++++ Material for this exercise ++++
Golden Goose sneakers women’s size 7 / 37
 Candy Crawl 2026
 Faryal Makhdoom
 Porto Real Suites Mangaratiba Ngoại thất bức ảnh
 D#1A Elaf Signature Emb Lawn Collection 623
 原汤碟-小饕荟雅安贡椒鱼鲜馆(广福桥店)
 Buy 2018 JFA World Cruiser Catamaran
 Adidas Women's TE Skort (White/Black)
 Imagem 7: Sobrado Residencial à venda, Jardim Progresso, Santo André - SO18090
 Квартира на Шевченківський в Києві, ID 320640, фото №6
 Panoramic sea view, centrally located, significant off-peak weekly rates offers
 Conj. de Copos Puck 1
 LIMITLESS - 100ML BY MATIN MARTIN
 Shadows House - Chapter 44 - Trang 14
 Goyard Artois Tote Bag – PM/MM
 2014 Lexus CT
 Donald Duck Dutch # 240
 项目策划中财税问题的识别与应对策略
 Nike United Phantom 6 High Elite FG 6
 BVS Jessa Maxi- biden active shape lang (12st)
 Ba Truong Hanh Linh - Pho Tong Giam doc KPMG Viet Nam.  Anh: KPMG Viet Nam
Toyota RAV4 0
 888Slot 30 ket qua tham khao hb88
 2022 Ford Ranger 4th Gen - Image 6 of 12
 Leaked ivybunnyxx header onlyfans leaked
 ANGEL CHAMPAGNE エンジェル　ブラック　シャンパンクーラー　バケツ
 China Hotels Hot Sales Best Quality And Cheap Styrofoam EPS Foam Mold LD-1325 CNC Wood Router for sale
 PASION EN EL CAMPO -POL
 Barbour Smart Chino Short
++++
Exercise requirements:
Would you output the material above once more, exactly as given?

Response:
Golden Goose sneakers women’s size 7 / 37
 Candy Crawl 2026
 Faryal Makhdoom
 Porto Real Suites Mangaratiba Ngoại thất bức ảnh
 D#1A Elaf Signature Emb Lawn Collection 623
 原汤碟-小饕荟雅安贡椒鱼鲜馆(广福桥店)
 Buy 2018 JFA World Cruiser Catamaran
 Adidas Women's TE Skort (White/Black)
 Imagem 7: Sobrado Residencial à venda, Jardim Progresso, Santo André - SO18090
 Квартира на Шевченківський в Києві, ID 320640, фото №6
 Panoramic sea view, centrally located, significant off-peak weekly rates offers
 Conj. de Copos Puck 1
 LIMITLESS - 100ML BY MATIN MARTIN
 Shadows House - Chapter 44 - Trang 14
 Goyard Artois Tote Bag – PM/MM
 2014 Lexus CT
 Donald Duck Dutch # 240
 项目策划中财税问题的识别与应对策略
 Nike United Phantom 6 High Elite FG 6
 BVS Jessa Maxi- biden active shape lang (12st)
 Ba Truong Hanh Linh - Pho Tong Giam doc KPMG Viet Nam.  Anh: KPMG Viet Nam
Toyota RAV4 0
 888Slot 30 ket qua tham khao hb88
 2022 Ford Ranger 4th Gen - Image 6 of 12
 Leaked ivybunnyxx header onlyfans leaked
 ANGEL CHAMPAGNE エンジェル　ブラック　シャンパンクーラー　バケツ
 China Hotels Hot Sales Best Quality And Cheap Styrofoam EPS Foam Mold LD-1325 CNC Wood Router for sale
 PASION EN EL CAMPO -POL
 Barbour Smart Chino Short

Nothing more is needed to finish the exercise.